Oireachtas Joint and Select Committees
Thursday, 29 October 2020
Joint Oireachtas Committee on Climate Action
General Scheme of the Climate Action and Low Carbon Development (Amendment) Bill 2020: Discussion (Resumed)
Professor Yvonne Buckley:
The first part of the question was around trade-offs and how sharp and common are the trade-offs between climate action and how those actions impact on biodiversity. There will be trade-offs throughout the system. There will be some places where it is inappropriate to site a wind farm or a solar farm because of the impacts on biodiversity. One of our challenges is trying to figure out where in the landscape to put these different land uses. We must examine where the best place is and where we will get the lowest amount of trade-offs between biodiversity and climate action. This could be framed as a dynamic optimisation problem. If a wind farm is put in a certain area, we must examine how that impacts on where we put forestry or other land uses that may have positive or negative effects on biodiversity. The Deputy gave an example of monocultures, namely Sitka spruce versus a diverse native species mix for woodland. If we are purely planting for CO2, those trade-offs may not be so sharp. We may choose the native woodland because the CO2 will stay in that system, particularly if we are talking about the long term. How long the CO2 stays in the system completely depends on the use of the wood products at the end. If the wood will be used just for pulp then all that CO2 will be lost straight away, whereas the native woodland will store the CO2 long term. Having CO2 budgets in place and having timelines for those will help to guide those solutions. There is no doubt the native woodland would be far preferable as a means of CO2 sequestration and storage with biodiversity benefits than wall-to-wall Sitka spruce, particularly on some soil types.
There will be trade-offs. We will not always have easy solutions but being aware of those trade-offs enables the Government to make decisions on where easy wins for CO2 and biodiversity can be found and where more difficult situations arise. It is then up to decision makers to decide what kind of trade-offs they are willing to accept. If we do not consider the impacts on biodiversity, however, we could go blindly into climate actions that have negative effects that are not accounted for and that limit our opportunities to put in place nature-based solutions in the future. It is important for it to be on the table and for biodiversity to be visible and a part of the decision-making process. We need to be able to model those trade-offs in order to understand and to go in with our eyes open on what kinds of trade-offs we are willing to accept.

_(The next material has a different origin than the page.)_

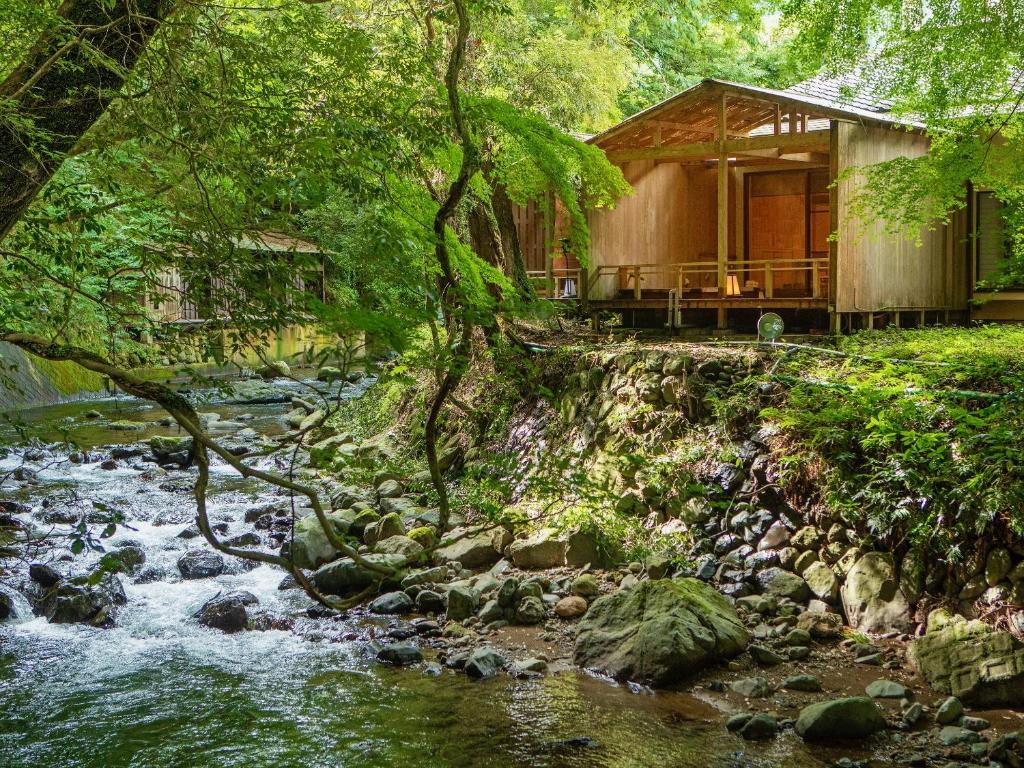 eine Hütte im Wald neben einem Fluss in der Unterkunft Mizumari in Kawazu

The second part of the question was on emissions from land uses. I am not sure I fully understood the question. There are emissions from land use which are unaccounted for and when those come on the balance sheet, they will lead to higher emissions nationally. We need to be reducing those emissions.
We need to be doing things like rewetting peatlands to reduce emissions from those land uses. How that is accounted for is a separate problem I am not going to get into. Emissions are emissions, and should be reduced regardless of where they arise.